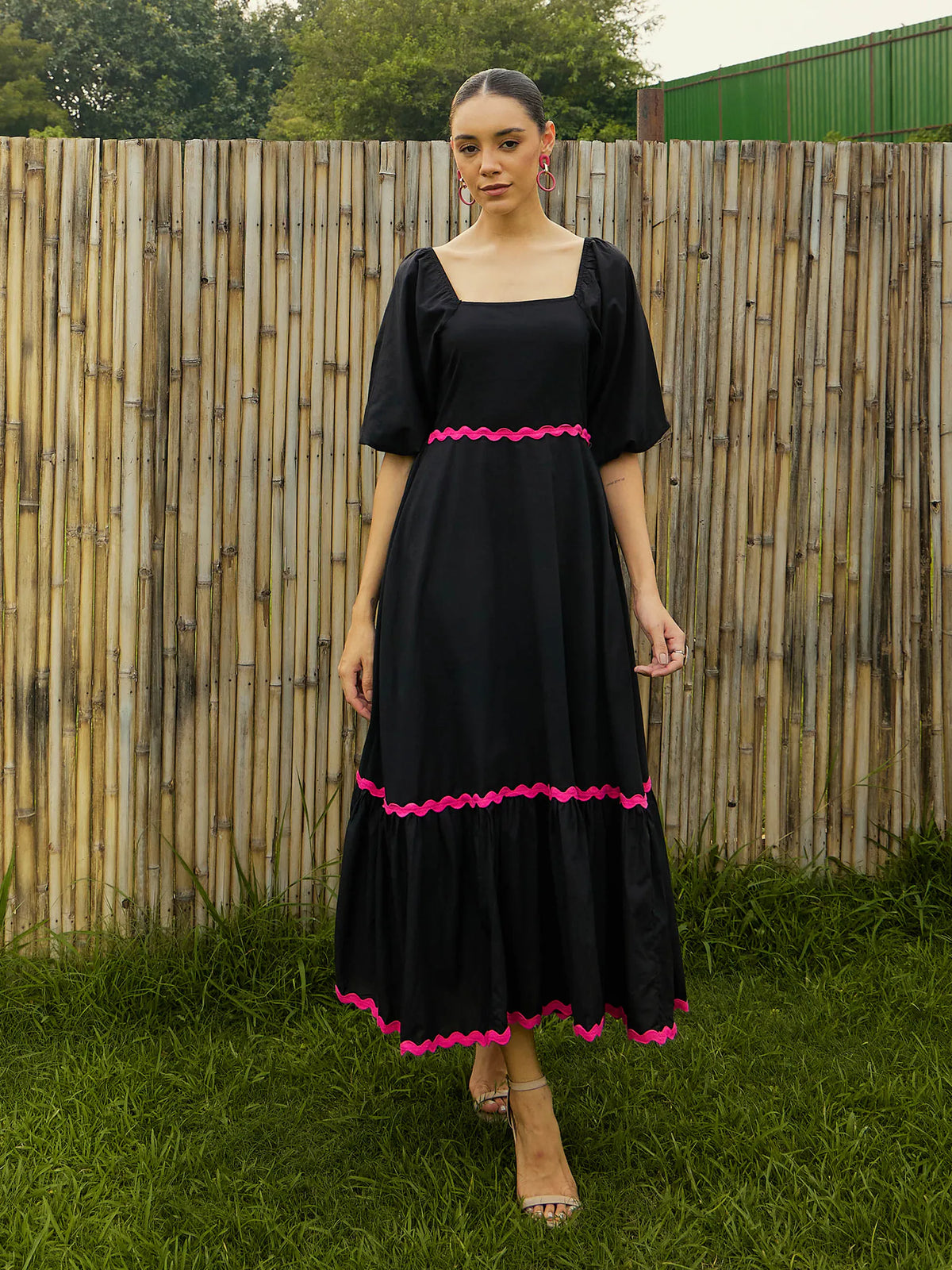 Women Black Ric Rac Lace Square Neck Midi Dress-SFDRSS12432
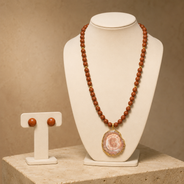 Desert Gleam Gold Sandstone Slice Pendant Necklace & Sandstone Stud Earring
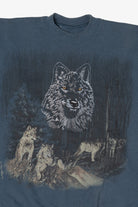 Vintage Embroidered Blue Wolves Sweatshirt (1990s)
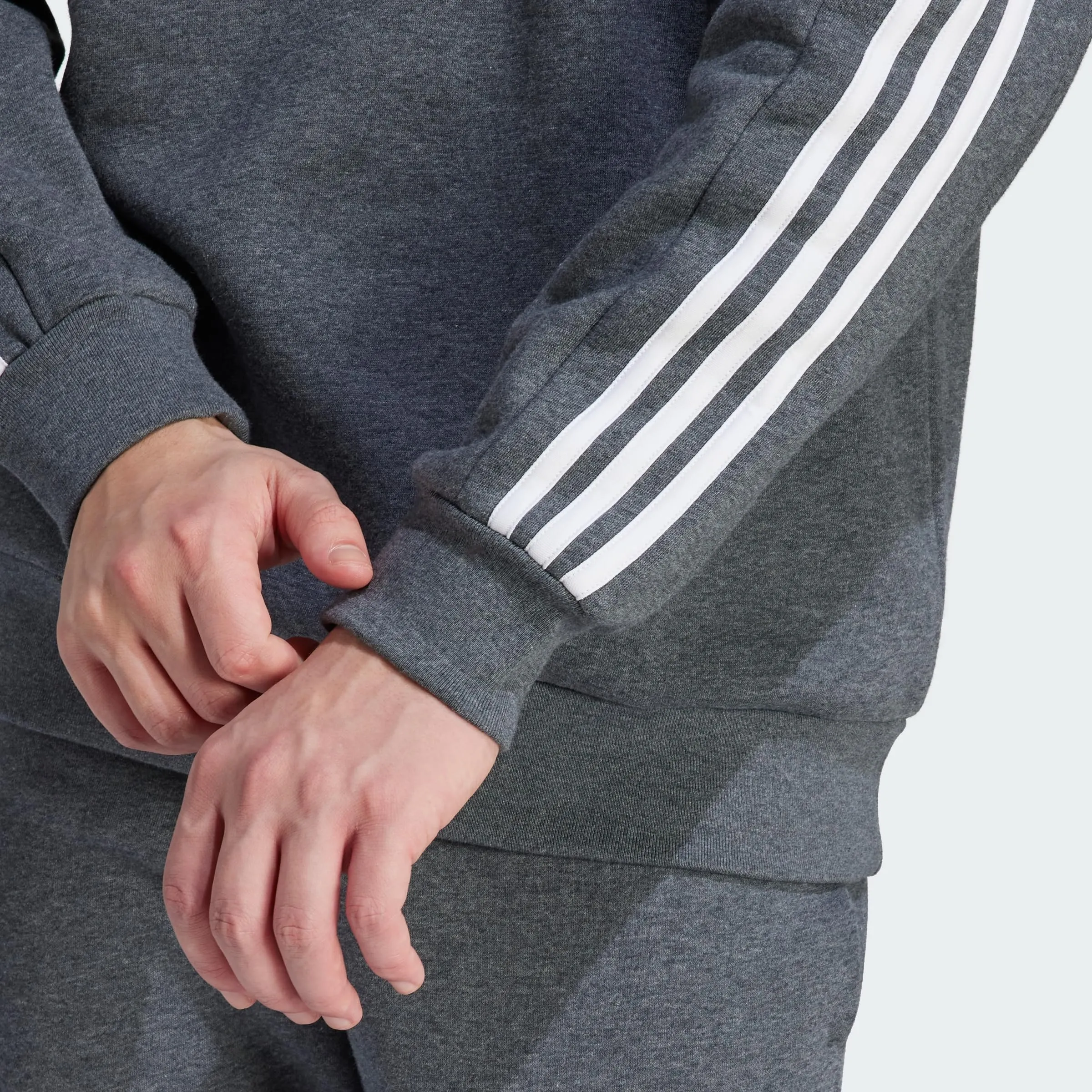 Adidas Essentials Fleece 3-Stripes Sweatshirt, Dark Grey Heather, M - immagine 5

* * *

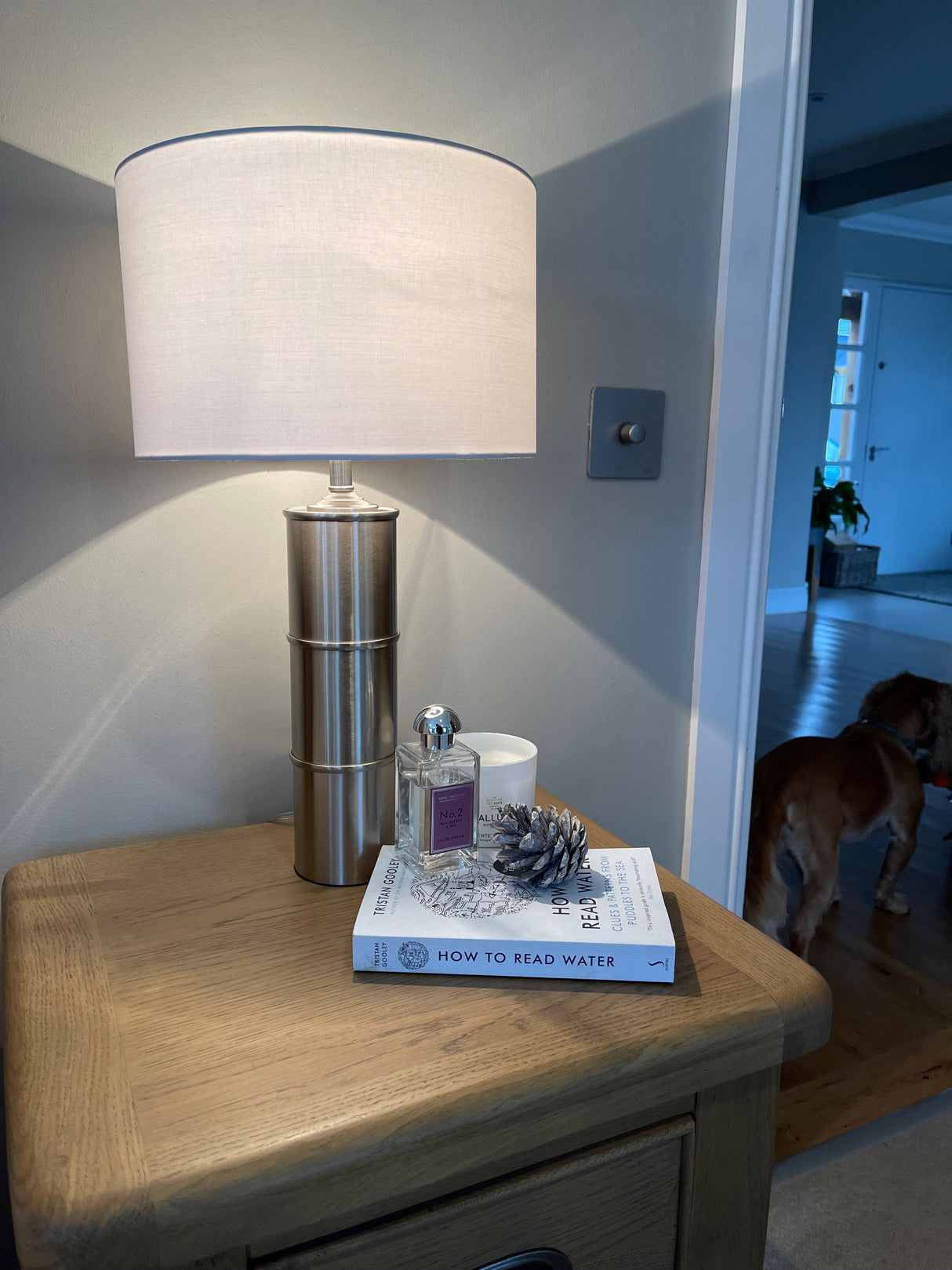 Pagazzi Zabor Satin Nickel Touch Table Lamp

...

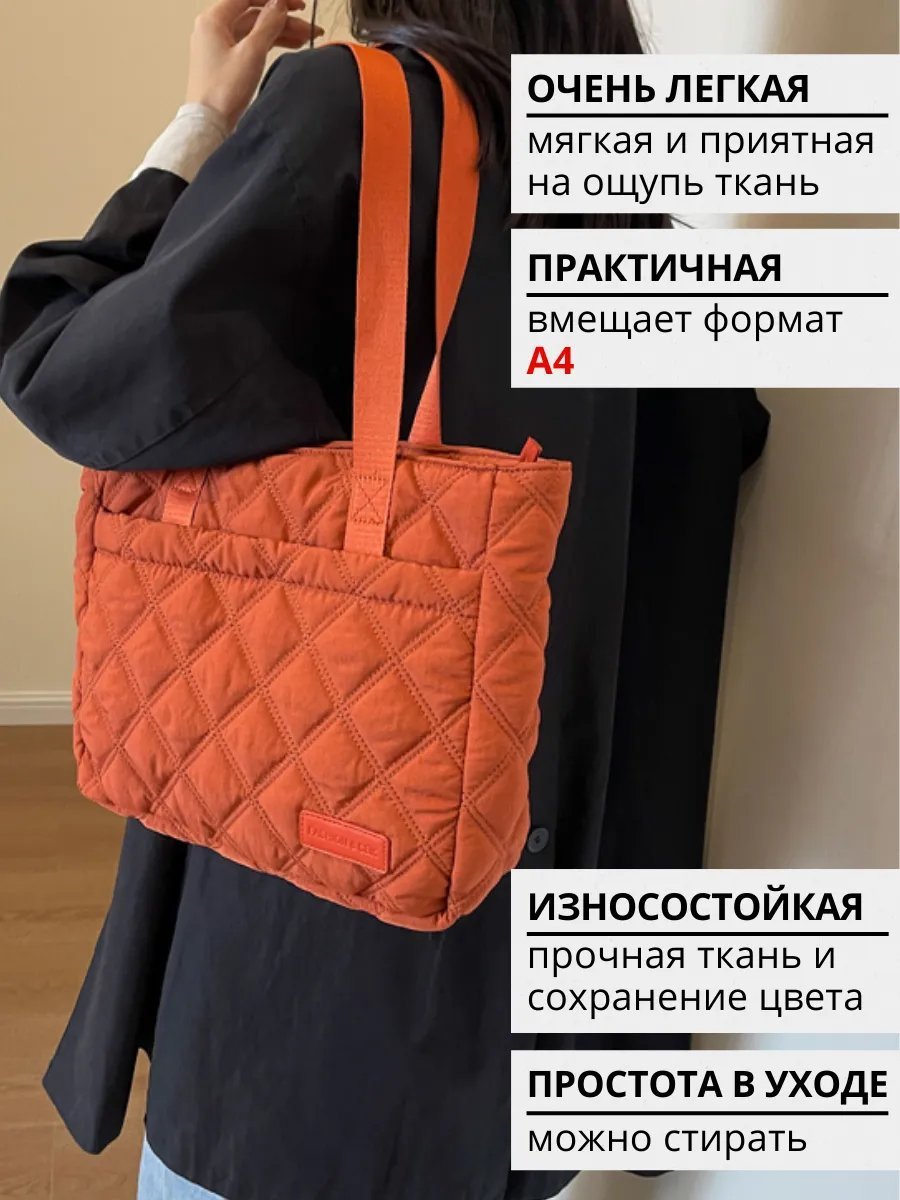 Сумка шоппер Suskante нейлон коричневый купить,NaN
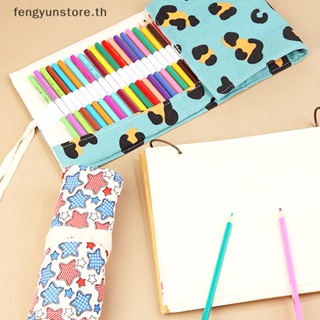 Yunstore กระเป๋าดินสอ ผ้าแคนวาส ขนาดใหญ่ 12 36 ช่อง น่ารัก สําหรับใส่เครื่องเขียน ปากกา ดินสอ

**Problem description:**
Look above for the line with "Women Black Ric" and the line with "Adidas Essentials Fleece", then restate exactly those two lines and all lines between them, with no pictures.

**Output for this task:**
 Women Black Ric Rac Lace Square Neck Midi Dress-SFDRSS12432
 Desert Gleam Gold Sandstone Slice Pendant Necklace & Sandstone Stud Earring
 Vintage Embroidered Blue Wolves Sweatshirt (1990s)
 Adidas Essentials Fleece 3-Stripes Sweatshirt, Dark Grey Heather, M - immagine 5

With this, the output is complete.